▸ **HOW TO COMPLETE THIS TASK**
Nothing but the text belongs in the answer: the listing below, copied exactly, without pictures.

▸ **DATA BLOCK**
------------------------------------

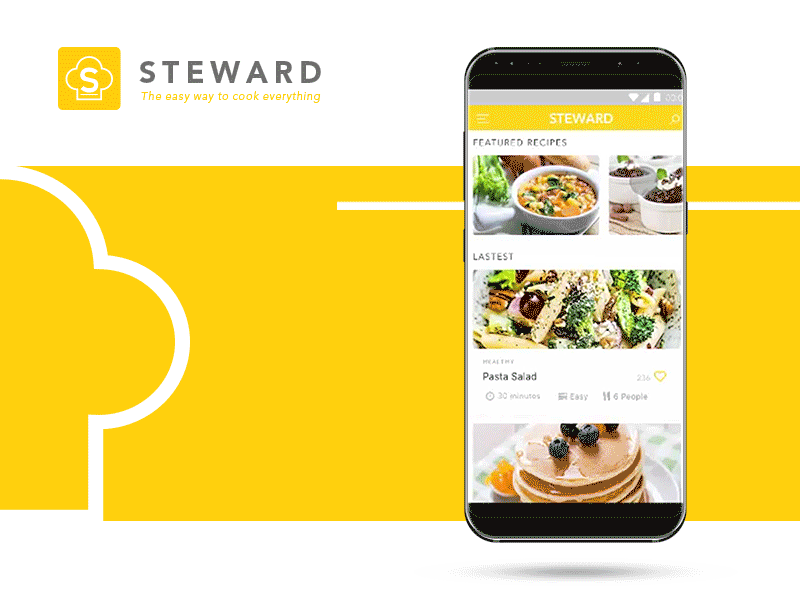 Steward App UI/UX Design and Animation android animation app cooking hands free navigation menu recipe tablet ui ux voice command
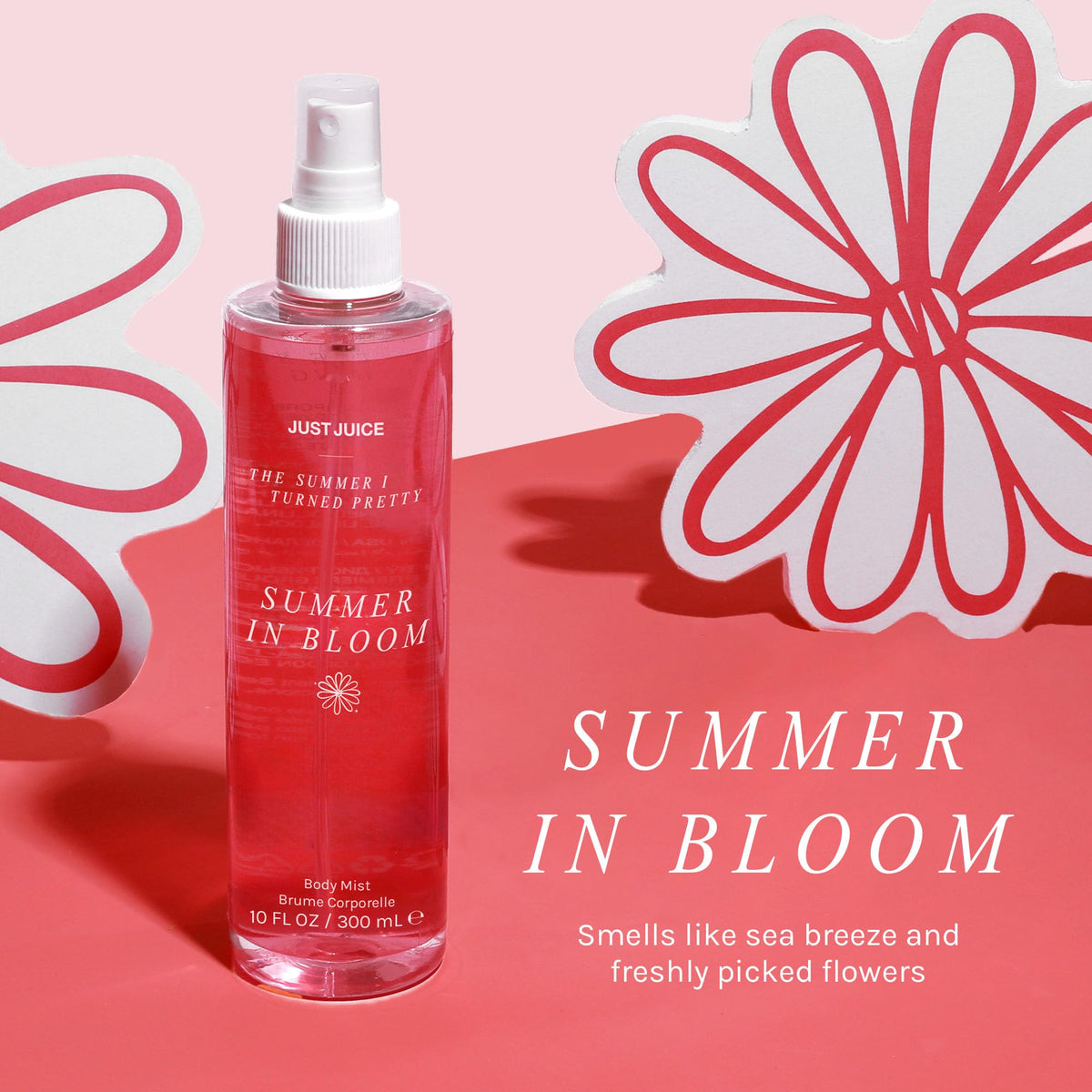 Just Juice Summer in Bloom mist dispense for easy, light fragrance application.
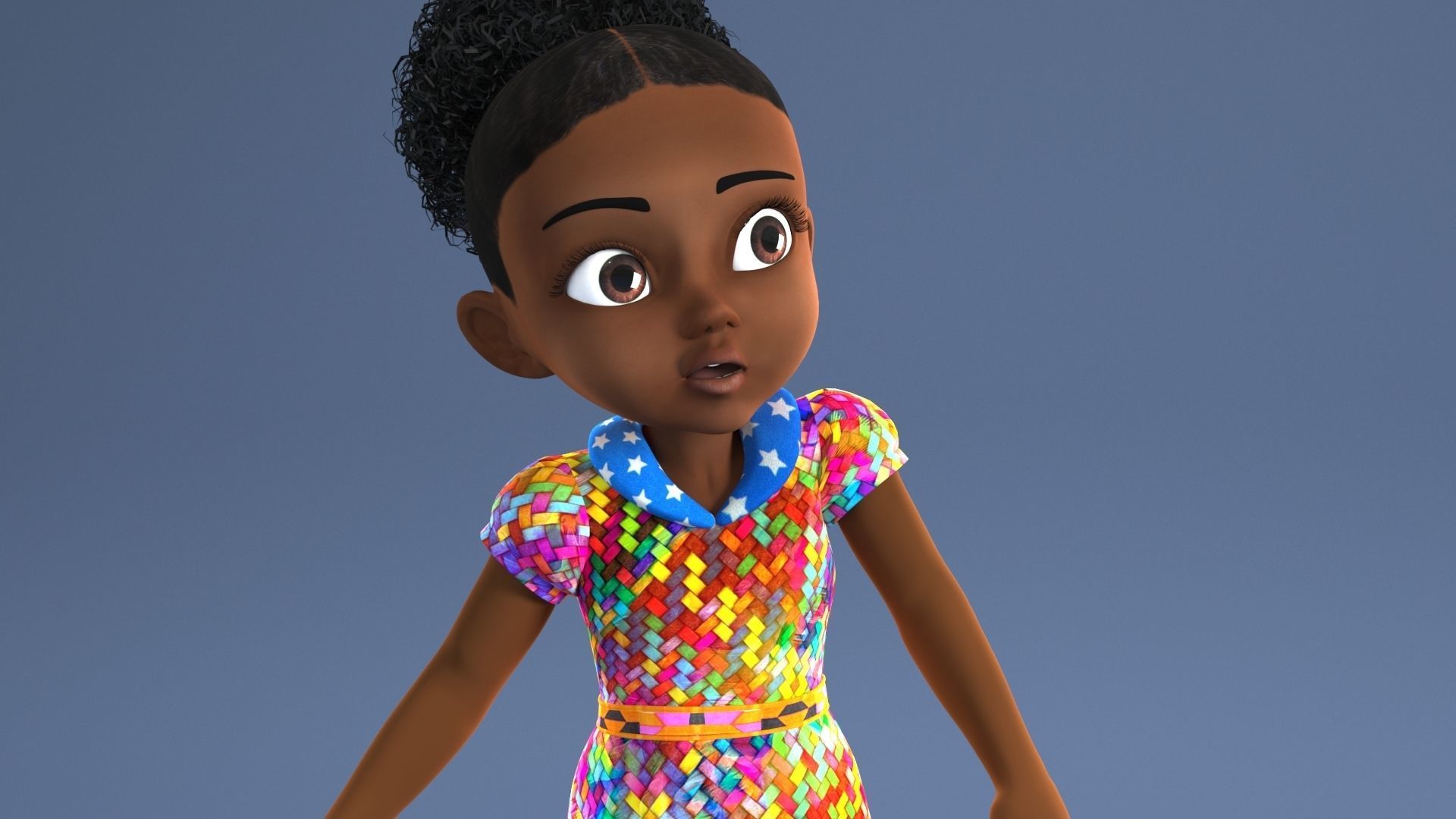 AFRO GIRL - RIGGED CARTOON CHARACTER  3D model_10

------------------------------------

▸ **EXERCISE RESPONSE**
 Steward App UI/UX Design and Animation android animation app cooking hands free navigation menu recipe tablet ui ux voice command
 Just Juice Summer in Bloom mist dispense for easy, light fragrance application.
 AFRO GIRL - RIGGED CARTOON CHARACTER  3D model_10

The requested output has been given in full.